__EXERCISE AIM__. Without skipping anything, print all of the data exactly.

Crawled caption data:
>>
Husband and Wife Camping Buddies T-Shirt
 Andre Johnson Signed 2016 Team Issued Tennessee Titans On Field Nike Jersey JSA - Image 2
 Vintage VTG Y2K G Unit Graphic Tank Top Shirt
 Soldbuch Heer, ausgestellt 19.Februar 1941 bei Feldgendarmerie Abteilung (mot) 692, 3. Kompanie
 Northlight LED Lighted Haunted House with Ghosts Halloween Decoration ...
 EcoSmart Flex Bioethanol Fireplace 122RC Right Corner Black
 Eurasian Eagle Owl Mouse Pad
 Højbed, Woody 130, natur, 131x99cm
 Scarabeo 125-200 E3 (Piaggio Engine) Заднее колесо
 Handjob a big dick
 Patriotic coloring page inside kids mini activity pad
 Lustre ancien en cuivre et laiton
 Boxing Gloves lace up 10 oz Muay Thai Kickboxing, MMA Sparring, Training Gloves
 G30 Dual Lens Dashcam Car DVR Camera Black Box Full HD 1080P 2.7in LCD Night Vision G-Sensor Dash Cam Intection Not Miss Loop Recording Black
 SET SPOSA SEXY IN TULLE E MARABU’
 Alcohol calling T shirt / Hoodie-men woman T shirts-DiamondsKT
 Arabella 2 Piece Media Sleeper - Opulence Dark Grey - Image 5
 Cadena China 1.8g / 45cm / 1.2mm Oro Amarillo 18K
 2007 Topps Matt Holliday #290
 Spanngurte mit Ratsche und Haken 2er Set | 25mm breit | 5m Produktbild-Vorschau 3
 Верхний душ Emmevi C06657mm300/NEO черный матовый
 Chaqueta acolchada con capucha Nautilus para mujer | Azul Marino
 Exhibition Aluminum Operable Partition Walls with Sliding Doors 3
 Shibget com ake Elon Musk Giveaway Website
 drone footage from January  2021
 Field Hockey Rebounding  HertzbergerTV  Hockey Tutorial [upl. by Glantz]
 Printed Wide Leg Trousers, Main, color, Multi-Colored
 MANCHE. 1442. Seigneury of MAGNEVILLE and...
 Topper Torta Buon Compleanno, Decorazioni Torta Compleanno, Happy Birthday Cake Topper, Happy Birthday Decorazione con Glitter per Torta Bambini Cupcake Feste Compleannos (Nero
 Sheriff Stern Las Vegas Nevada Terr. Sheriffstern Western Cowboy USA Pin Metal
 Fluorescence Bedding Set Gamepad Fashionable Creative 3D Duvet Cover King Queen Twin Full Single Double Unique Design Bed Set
<<
__EXERCISE OUTPUT__.
Husband and Wife Camping Buddies T-Shirt
 Andre Johnson Signed 2016 Team Issued Tennessee Titans On Field Nike Jersey JSA - Image 2
 Vintage VTG Y2K G Unit Graphic Tank Top Shirt
 Soldbuch Heer, ausgestellt 19.Februar 1941 bei Feldgendarmerie Abteilung (mot) 692, 3. Kompanie
 Northlight LED Lighted Haunted House with Ghosts Halloween Decoration ...
 EcoSmart Flex Bioethanol Fireplace 122RC Right Corner Black
 Eurasian Eagle Owl Mouse Pad
 Højbed, Woody 130, natur, 131x99cm
 Scarabeo 125-200 E3 (Piaggio Engine) Заднее колесо
 Handjob a big dick
 Patriotic coloring page inside kids mini activity pad
 Lustre ancien en cuivre et laiton
 Boxing Gloves lace up 10 oz Muay Thai Kickboxing, MMA Sparring, Training Gloves
 G30 Dual Lens Dashcam Car DVR Camera Black Box Full HD 1080P 2.7in LCD Night Vision G-Sensor Dash Cam Intection Not Miss Loop Recording Black
 SET SPOSA SEXY IN TULLE E MARABU’
 Alcohol calling T shirt / Hoodie-men woman T shirts-DiamondsKT
 Arabella 2 Piece Media Sleeper - Opulence Dark Grey - Image 5
 Cadena China 1.8g / 45cm / 1.2mm Oro Amarillo 18K
 2007 Topps Matt Holliday #290
 Spanngurte mit Ratsche und Haken 2er Set | 25mm breit | 5m Produktbild-Vorschau 3
 Верхний душ Emmevi C06657mm300/NEO черный матовый
 Chaqueta acolchada con capucha Nautilus para mujer | Azul Marino
 Exhibition Aluminum Operable Partition Walls with Sliding Doors 3
 Shibget com ake Elon Musk Giveaway Website
 drone footage from January  2021
 Field Hockey Rebounding  HertzbergerTV  Hockey Tutorial [upl. by Glantz]
 Printed Wide Leg Trousers, Main, color, Multi-Colored
 MANCHE. 1442. Seigneury of MAGNEVILLE and...
 Topper Torta Buon Compleanno, Decorazioni Torta Compleanno, Happy Birthday Cake Topper, Happy Birthday Decorazione con Glitter per Torta Bambini Cupcake Feste Compleannos (Nero
 Sheriff Stern Las Vegas Nevada Terr. Sheriffstern Western Cowboy USA Pin Metal
 Fluorescence Bedding Set Gamepad Fashionable Creative 3D Duvet Cover King Queen Twin Full Single Double Unique Design Bed Set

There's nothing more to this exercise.